**EXERCISE GOAL:** For the entries below, print exactly the lines between the line holding "Oceanfront 15th Floor" and the line holding "ng28(南宫)科技视频会议主机", inclusive, and nothing else.

**GIVEN DATA:**
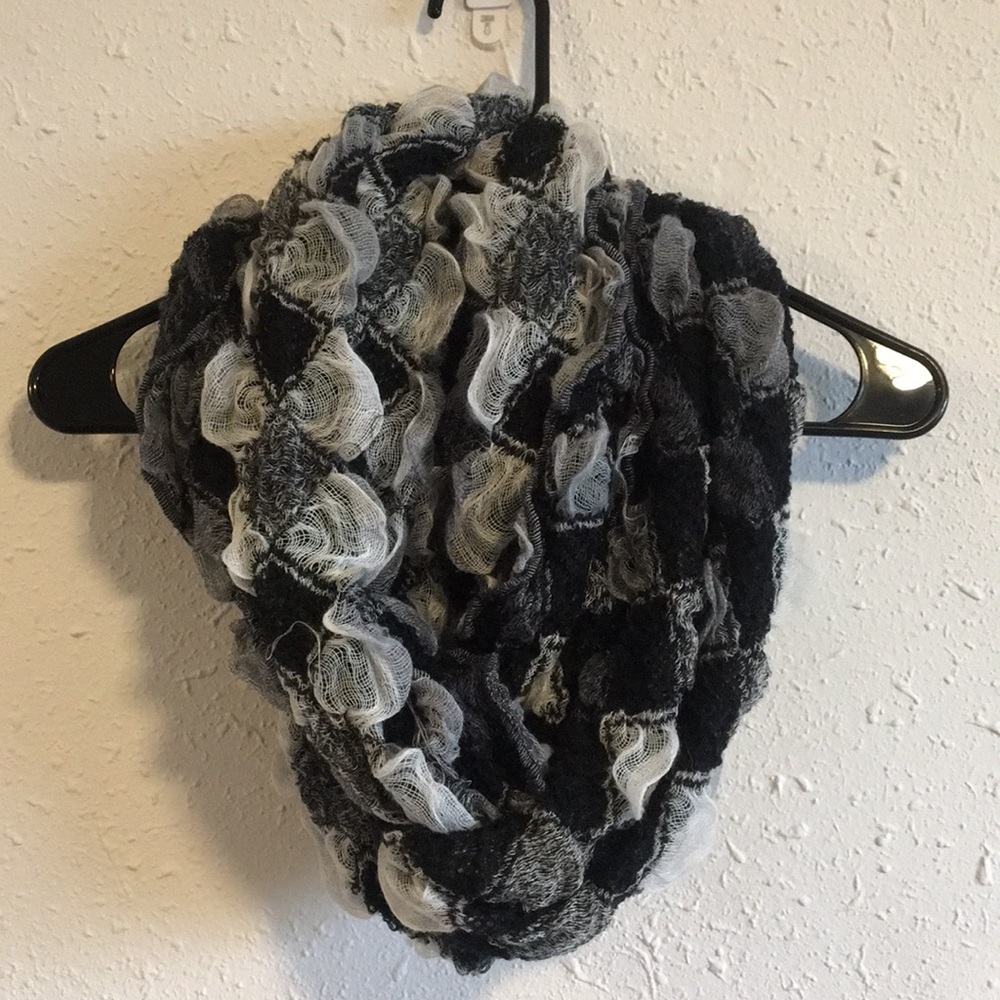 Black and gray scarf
* * *
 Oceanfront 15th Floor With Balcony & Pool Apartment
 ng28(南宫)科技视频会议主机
==
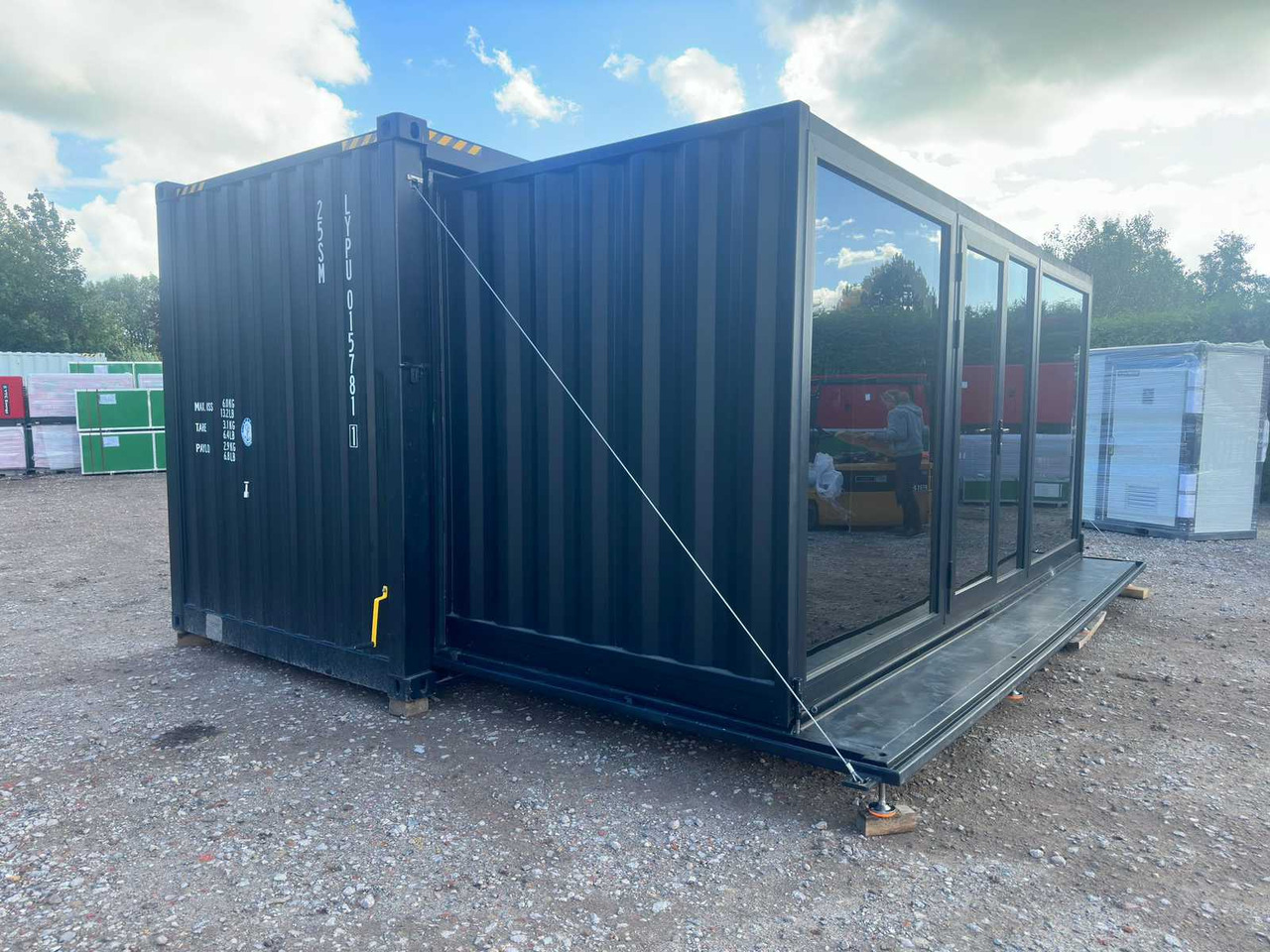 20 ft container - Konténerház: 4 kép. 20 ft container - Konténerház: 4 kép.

**RESPONSE AREA:**
 Oceanfront 15th Floor With Balcony & Pool Apartment
 ng28(南宫)科技视频会议主机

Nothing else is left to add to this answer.